Lines outside the range are not wanted. Give again exactly the lines between the line holding "Nắp đậy cho cối xay (hình vuông)-Omni 2A" and the line holding "Bộ Giáo dục", inclusive, from the listing below.

*** Opening DATA SHOWN ***

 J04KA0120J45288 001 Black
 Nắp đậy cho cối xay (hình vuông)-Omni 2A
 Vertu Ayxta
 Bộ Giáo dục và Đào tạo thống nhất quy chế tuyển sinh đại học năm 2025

*** Closing DATA SHOWN ***
*** Opening DATA SHOWN ***

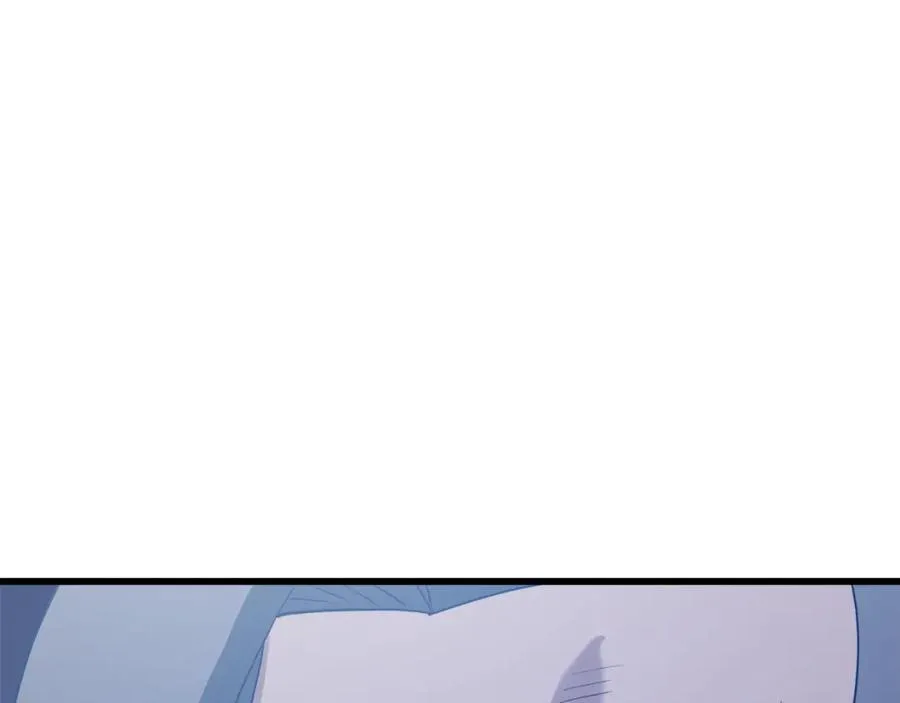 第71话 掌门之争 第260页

*** Closing DATA SHOWN ***
*** Opening DATA SHOWN ***

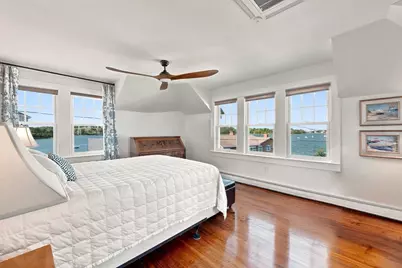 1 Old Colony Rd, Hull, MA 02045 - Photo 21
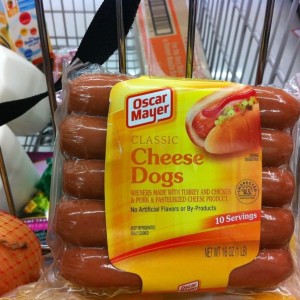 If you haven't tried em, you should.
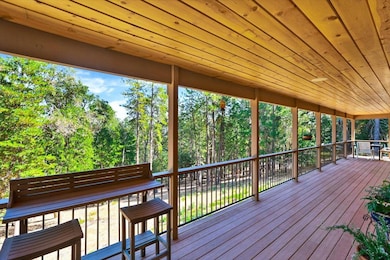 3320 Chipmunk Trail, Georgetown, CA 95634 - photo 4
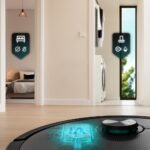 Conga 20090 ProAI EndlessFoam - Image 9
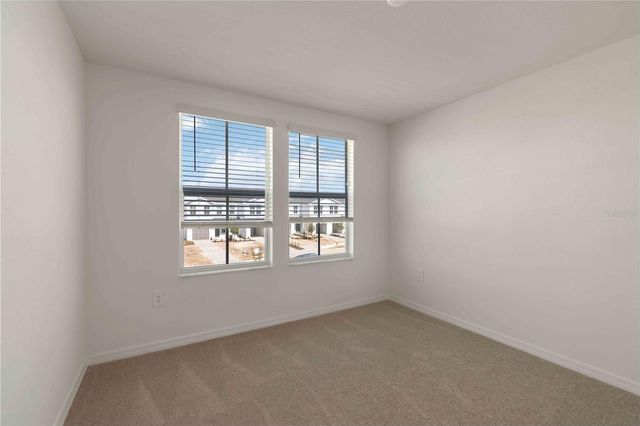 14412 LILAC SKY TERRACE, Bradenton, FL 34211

*** Closing DATA SHOWN ***

■ WRITTEN SOLUTION ■
 Nắp đậy cho cối xay (hình vuông)-Omni 2A
 Vertu Ayxta
 Bộ Giáo dục và Đào tạo thống nhất quy chế tuyển sinh đại học năm 2025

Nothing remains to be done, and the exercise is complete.